DIRECTIONS FOR THIS TASK —
Pictures stay out; everything else in the records gets transcribed exactly.

RECORDS SUPPLIED —
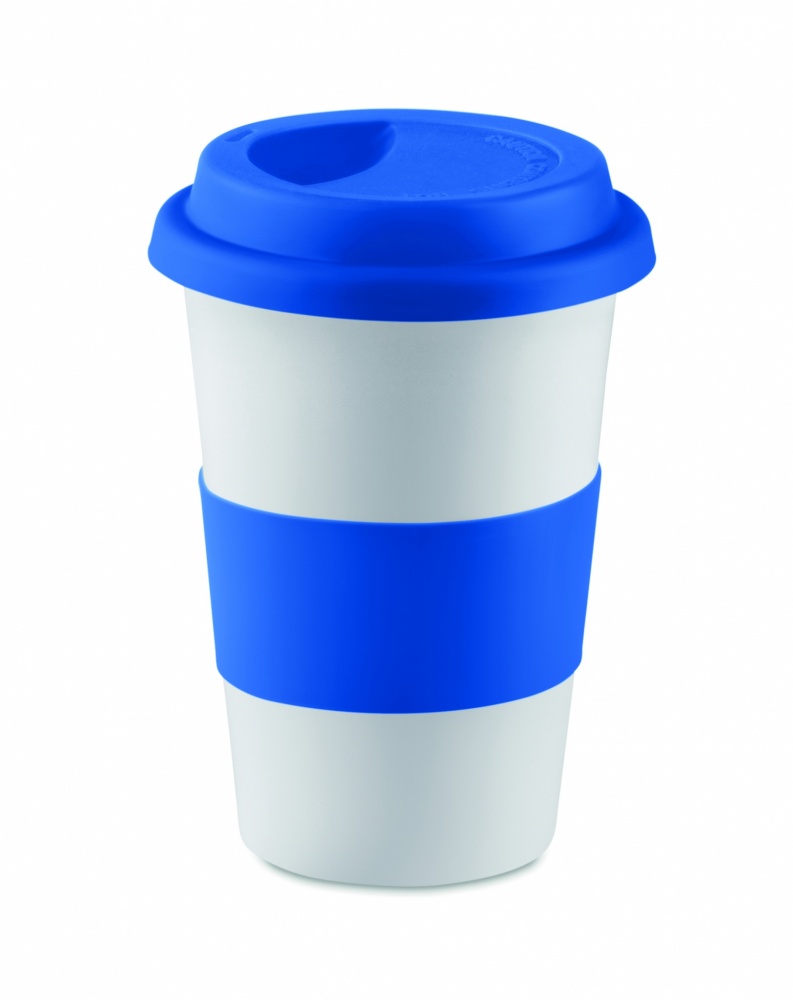 Logo trade promotional merchandise picture of: Ceramic mug w/ lid and sleeve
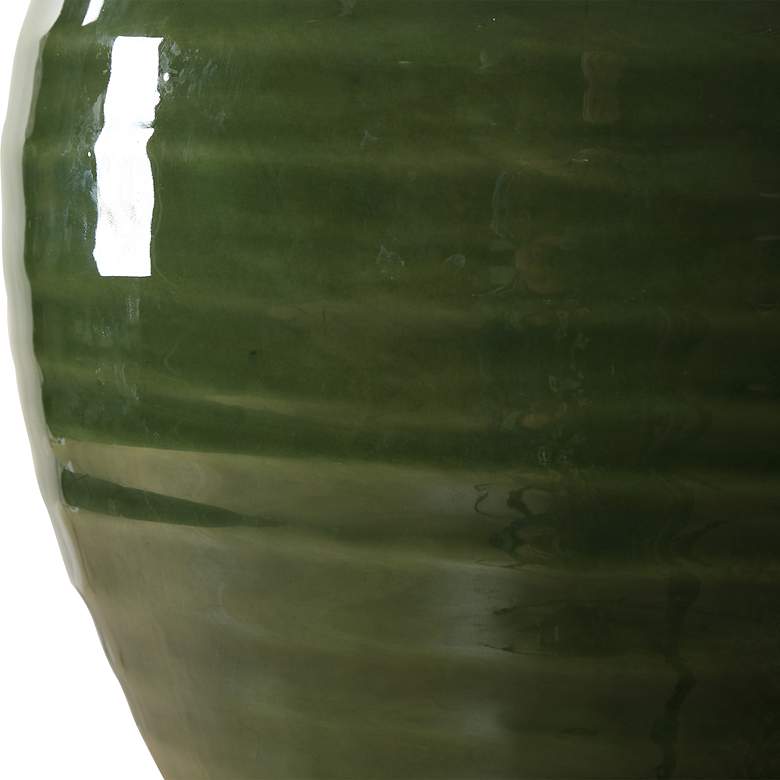 Image 4 Noble Park Odem Moss Green Ceramic Accent Table Lamp more views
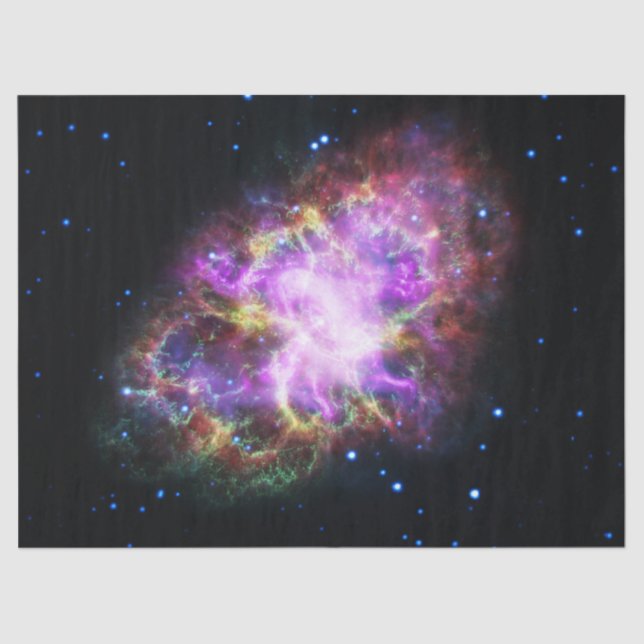 Crab Nebula Supernova Remnant Hubble Composite Tissue Paper (Front)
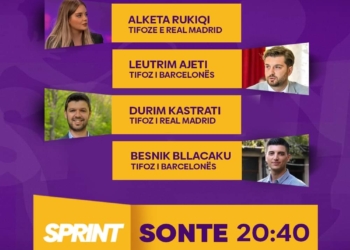 Sonte emisioni Sprint në Tëvë1, i dedikohet La Ligës dhe Ligës së Kampionëve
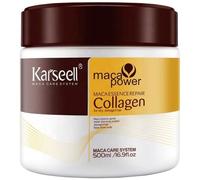 Karseell MACA CARE SYSTEM Maschera per Capelli Maschera Ristrutturante Capelli Secchi e Danneggiati Collagene Attivo Essenza di Maca e Olio di Argan Marocchino Trattamento Idratante 500 ml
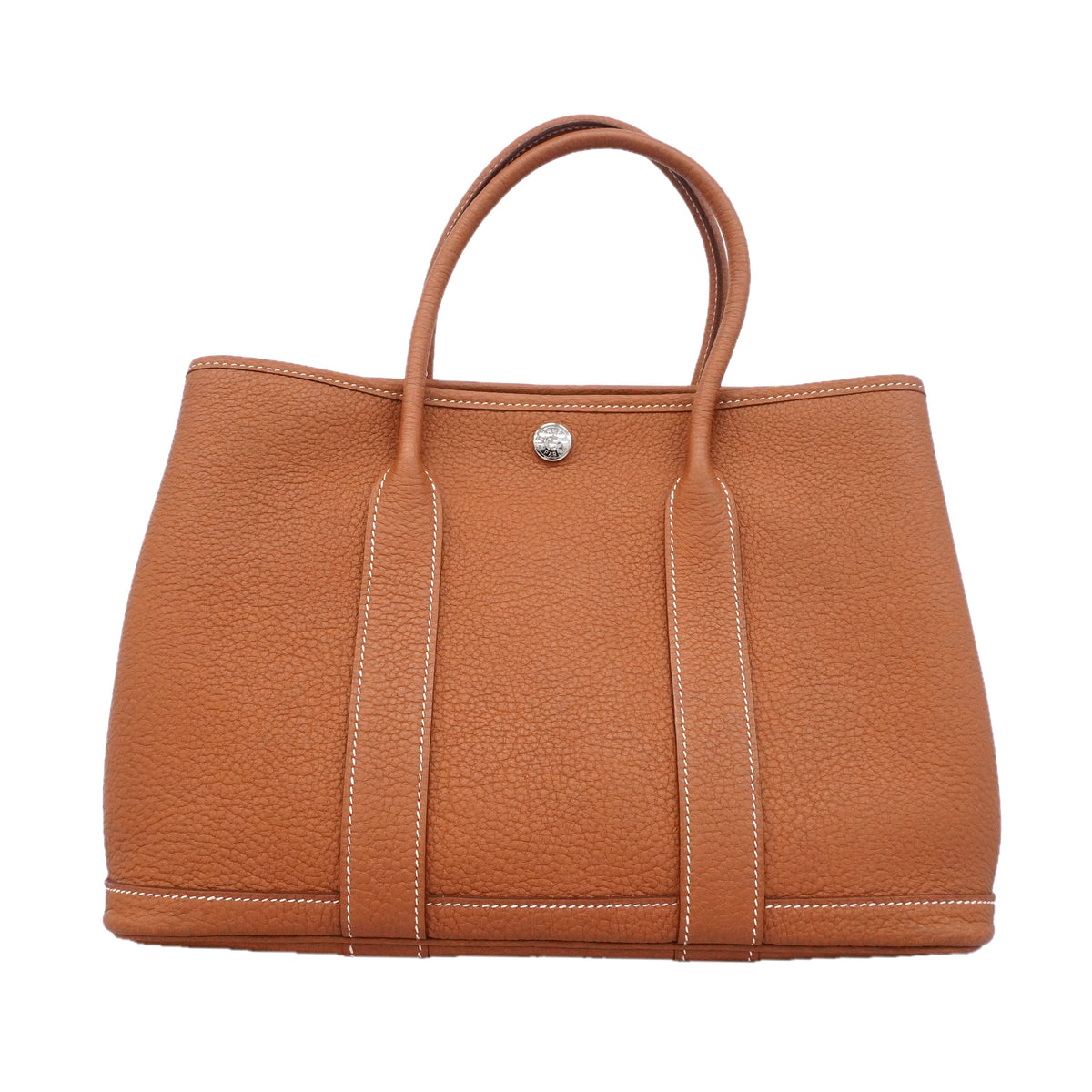 【6hc2507】エルメス トートバッグ ガーデンパーティTPM ネゴンダ ゴールド シルバー金具 W刻印【中古】レディース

SOLUTION TO THIS TASK —
 Logo trade promotional merchandise picture of: Ceramic mug w/ lid and sleeve
 Image 4 Noble Park Odem Moss Green Ceramic Accent Table Lamp more views
 Crab Nebula Supernova Remnant Hubble Composite Tissue Paper (Front)
 Sonte emisioni Sprint në Tëvë1, i dedikohet La Ligës dhe Ligës së Kampionëve
 Karseell MACA CARE SYSTEM Maschera per Capelli Maschera Ristrutturante Capelli Secchi e Danneggiati Collagene Attivo Essenza di Maca e Olio di Argan Marocchino Trattamento Idratante 500 ml
 【6hc2507】エルメス トートバッグ ガーデンパーティTPM ネゴンダ ゴールド シルバー金具 W刻印【中古】レディース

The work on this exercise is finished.